Athabasca University Press
- Parent company: Athabasca University
- Founded: 2007
- Country of origin: Canada
- Headquarters location: Athabasca, Alberta
- Distribution: UBC Press (Canada); Chicago Distribution Center (US); Combined Academic Publishers (EMEA); Royden Muranaka (Asia Pacific);
- Official website: www.aupress.ca

= Athabasca University Press =

Academic publisher

Athabasca University Press (AU Press) is a scholarly publisher and a division of Athabasca University. Founded in 2007, the press was the first open-access publisher in Canada. Domestically, the press's books are distributed by the University of British Columbia Press.

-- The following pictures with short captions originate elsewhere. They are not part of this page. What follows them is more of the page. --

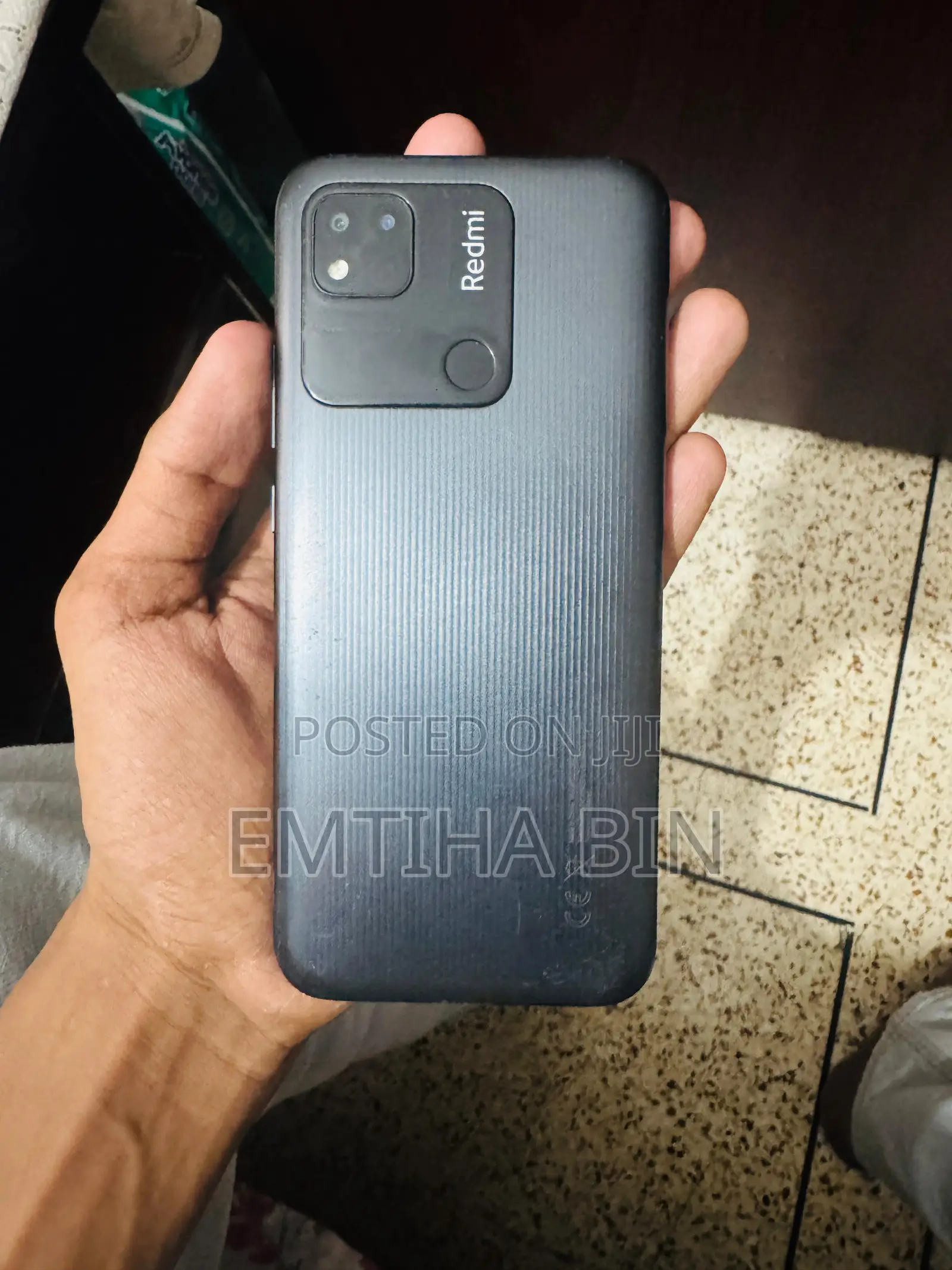 Xiaomi Redmi 10A 64 GB Black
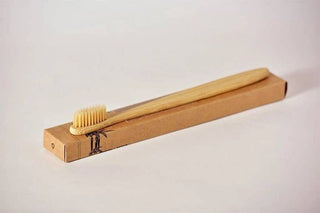 Soft Wooden Toothbrush | UniBou, Inc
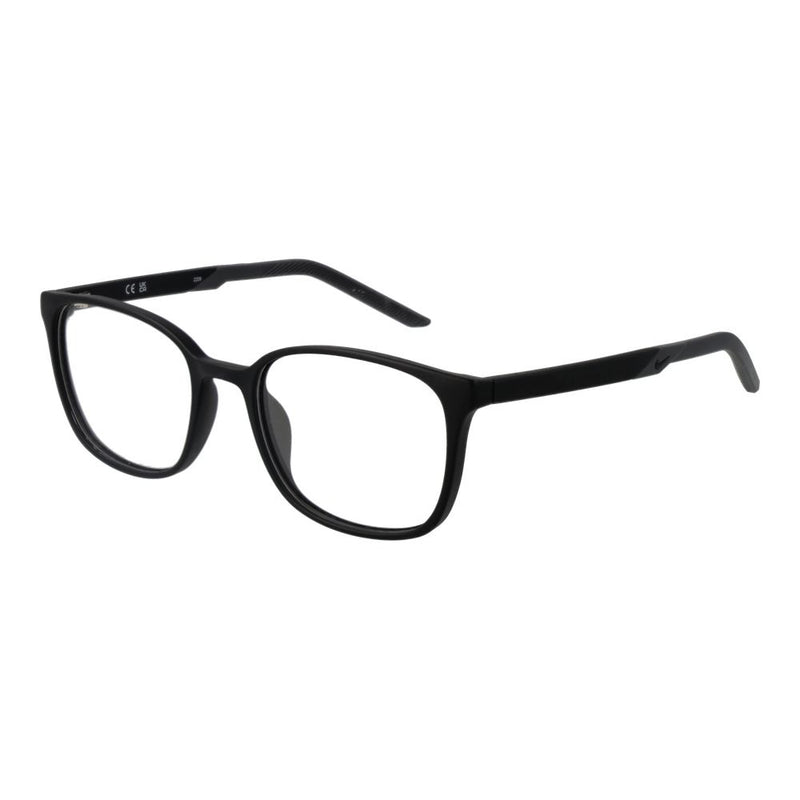 Nike Black Unisex Glasses Frame - Élégant et Durable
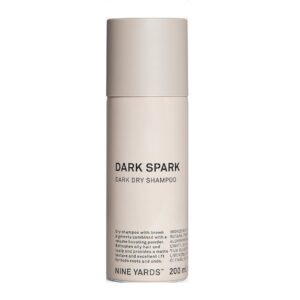 Dark Spark Dark Dry Shampoo 200ml NINE YARDS
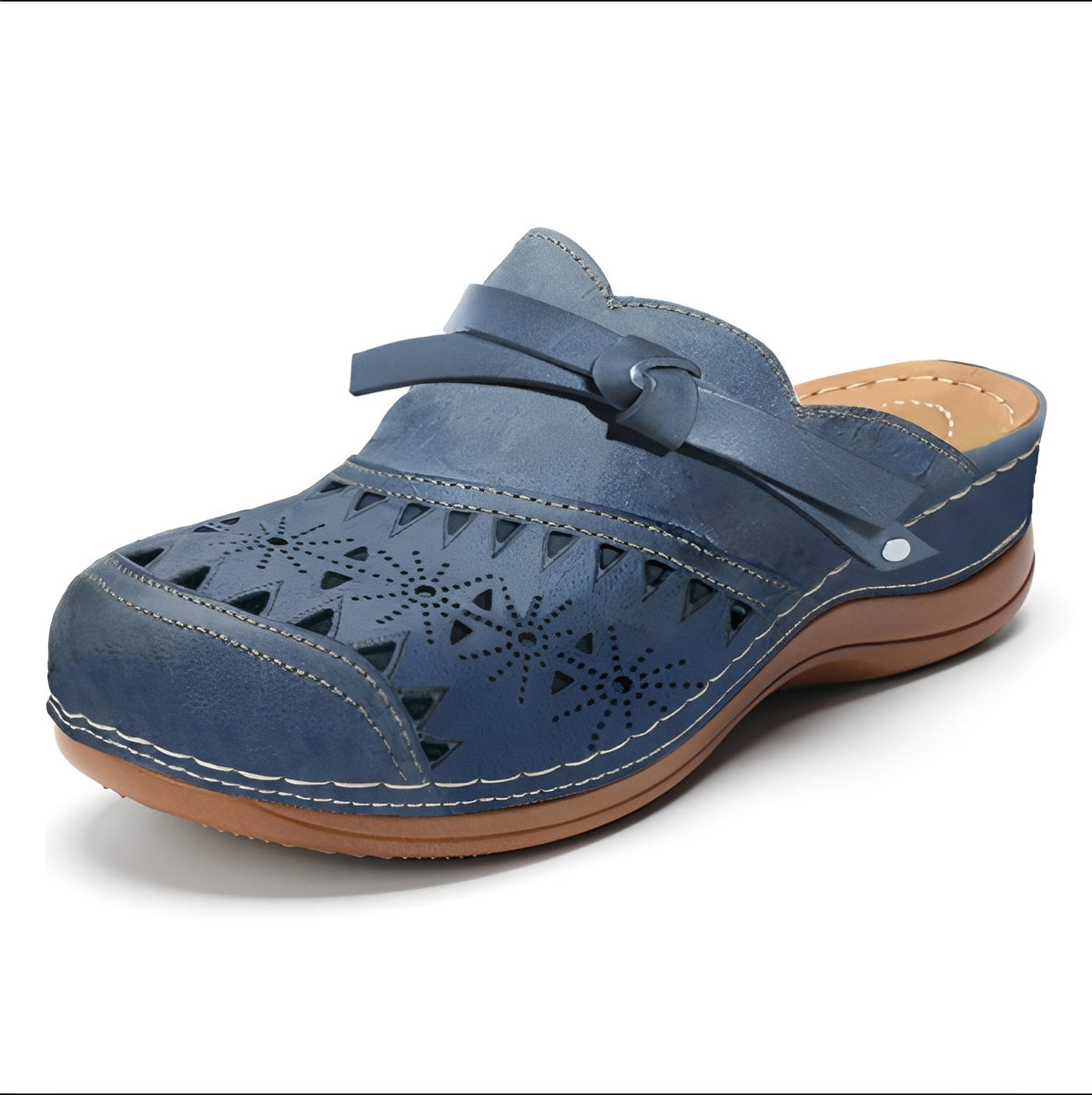 Sandra - Stilvolle Sandalen mit offener Zehenpartie für Damen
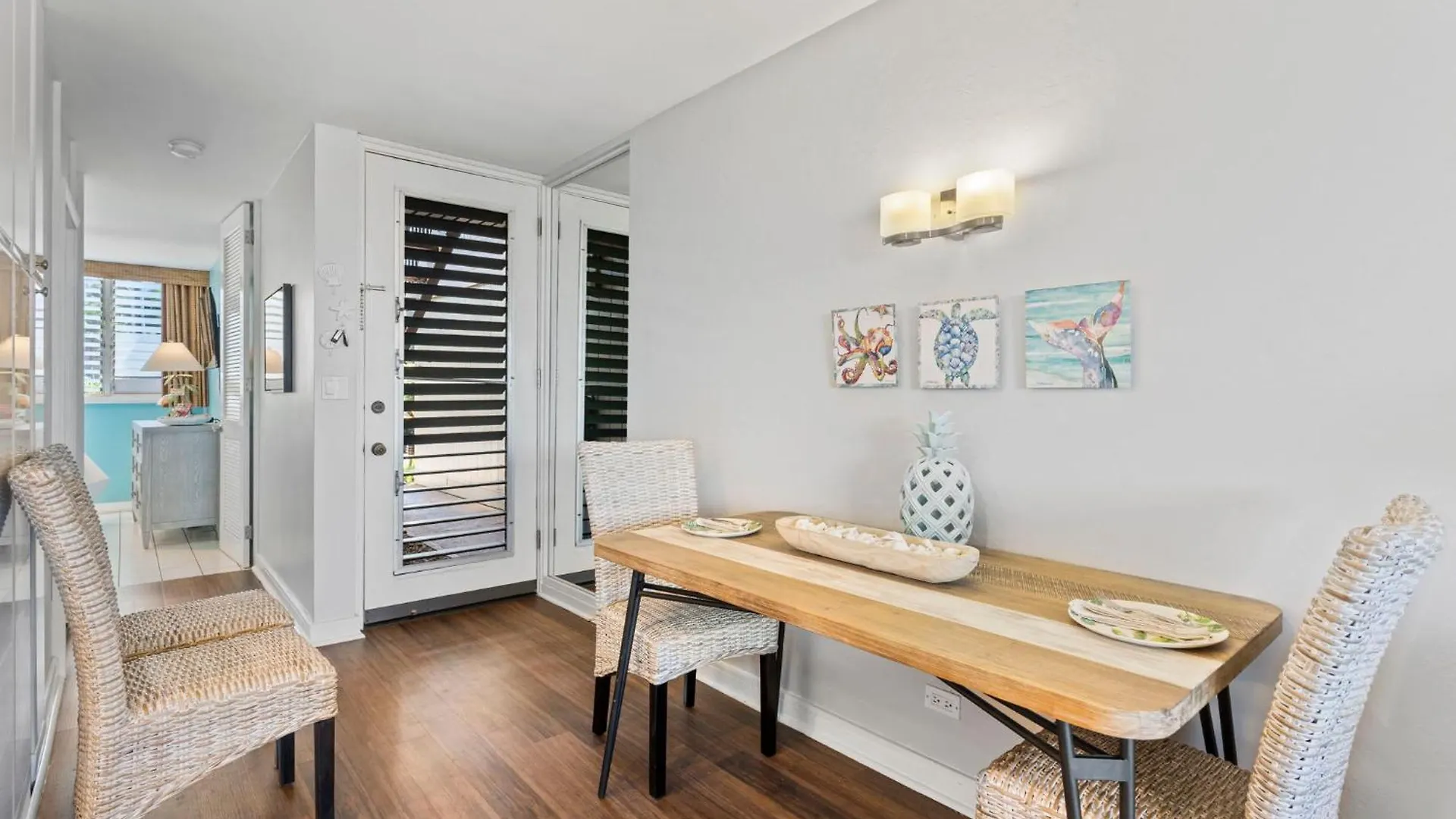Holiday home Modern Oceanfront Beach Hale Kai 1Bed Kahana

As of 2019, the press has published over 120 peer-reviewed books, which include titles in North American Western history, labour studies, distance and online education, and indigenous studies. AU Press has also published works of fiction, drama, poetry, and autobiography, both original and translated. A number of the Press's titles have garnered academic awards, in fields ranging from history and archaeology to creative non-fiction to distance education; other titles have been recognized for their design.

In addition to producing and selling printed books, AU Press also offers free digital access to their publications on its website. Similarly, the AU Press imprint "Remix" publishes open access educational resources created by Athabasca University faculty. All works are licensed under a Creative Commons license.

The press is currently a member of the Association of University Presses, Association of Canadian University Presses, and the Book Publishers Association of Alberta.